C. S. Giscombe. Giscome Road Normal, Ill.: Dalkey Archive Press, 1998.
C. S. Giscombe's Here, published in 1994 by the Dalkey Archive, is a long serial poem that concerns events in the localities of the American south, rural Ohio, and upstate New York near the Canadian border. The poem follows a direction northward to what were freed places in the first half of the previous century, looking toward Canada beyond them, which was an almost abstracted representation of freedom, a country not split into war by the question of slavery. Here sports praises by an unusual threesome: Henry Louis Gates, Jr., who is not just the most visible black public intellectual of our times but maybe the most visible public intellectual, period; Clarence Major, whom we could consider a precursor for the kind of poetry Giscombe writes; and Robert Creeley, the current poet laureate of the American experimental tradition. The praise of one of these should be enough to pique our curiosity; all three together make a siren's chorus. Giscome Road has a similarly unlikely threesome singing its praises on the book's cover-:
Nathaniel Mackey, who like Major can be considered a precursor to Giscombe's project, or at least a simpatico poet; Ron Silliman, a major language poet and theorist; and Adrienne Rich, a high-profile poet, who represents-oxymoronically?-both feminism and the mainstream. Given that both of Giscombe's books are adorned with the praises of these diverse poets and critics, and given Giscombe's relative low profile in the poetry publishing world, I think it's fair for us to ask who this poet is and what he is writing to garner such laurels.

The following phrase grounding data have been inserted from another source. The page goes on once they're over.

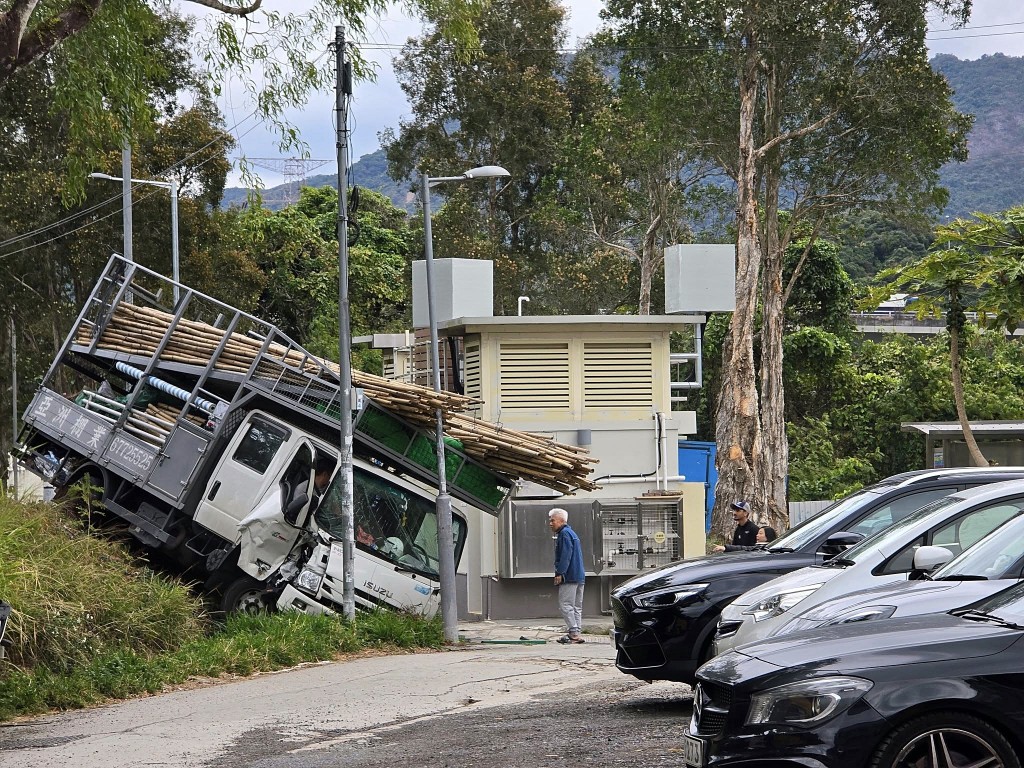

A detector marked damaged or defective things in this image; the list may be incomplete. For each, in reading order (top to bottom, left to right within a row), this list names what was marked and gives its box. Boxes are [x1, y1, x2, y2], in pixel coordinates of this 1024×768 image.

damaged truck front [17, 259, 524, 618]
crashed white truck [14, 256, 593, 618] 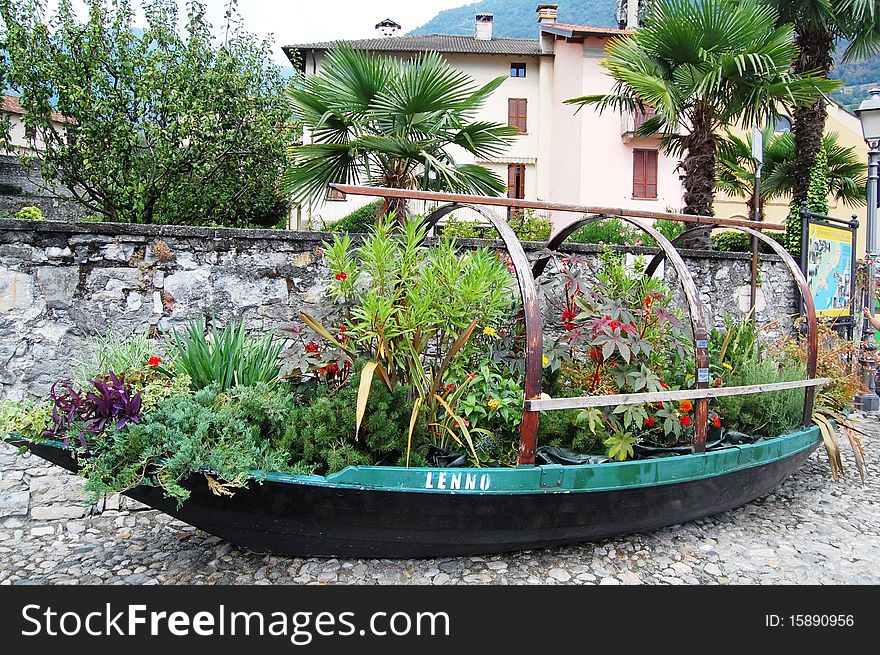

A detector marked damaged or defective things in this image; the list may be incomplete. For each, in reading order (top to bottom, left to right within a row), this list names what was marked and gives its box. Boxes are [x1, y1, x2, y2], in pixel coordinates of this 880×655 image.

rusty metal arch [424, 202, 544, 464]
rusty metal arch [532, 215, 712, 452]
rusty metal arch [640, 226, 820, 428] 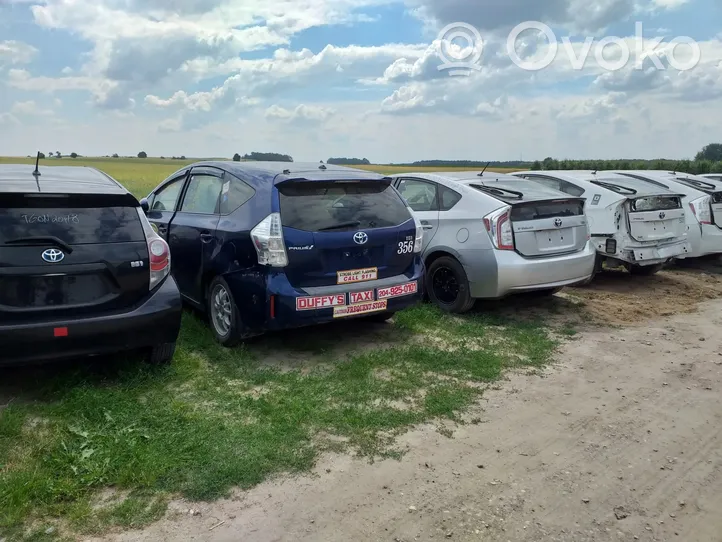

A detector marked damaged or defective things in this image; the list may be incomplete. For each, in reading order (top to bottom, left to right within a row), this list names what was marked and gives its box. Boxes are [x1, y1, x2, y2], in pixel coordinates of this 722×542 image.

white damaged prius [510, 171, 688, 276] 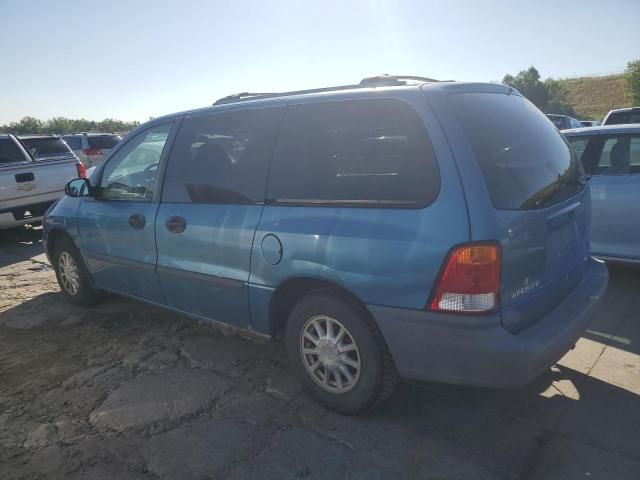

An answer to these question is waiting in the new book. Giscome Road takes place completely in Canada, specifically an area in northern British Columbia whose various places were named after John Robert Giscome, a Jamaican born in 1831, who arrived in British Columbia in 1858 from California as a miner and explorer. These are remote places in British Columbia, and they include the road of the title, a river, a station, a school, as well as a kind of watershed divide, the Giscome Portage, from which the water flows both south- and northward. "Giscome" also proposes a genealogy for the poet's own identity, though this goes unspoken in the poem, a feature of the work I can't help but admire; in this regard Giscombe's elusiveness is similar to Mackey's. The genealogy comes through the topographic and geological information about the area, a kind of oblique study of the origins of the self through the measurements of the land, much like Olson's evocations of his self in Maximus, through the various historical personalities that leave Gloucester's harbor. …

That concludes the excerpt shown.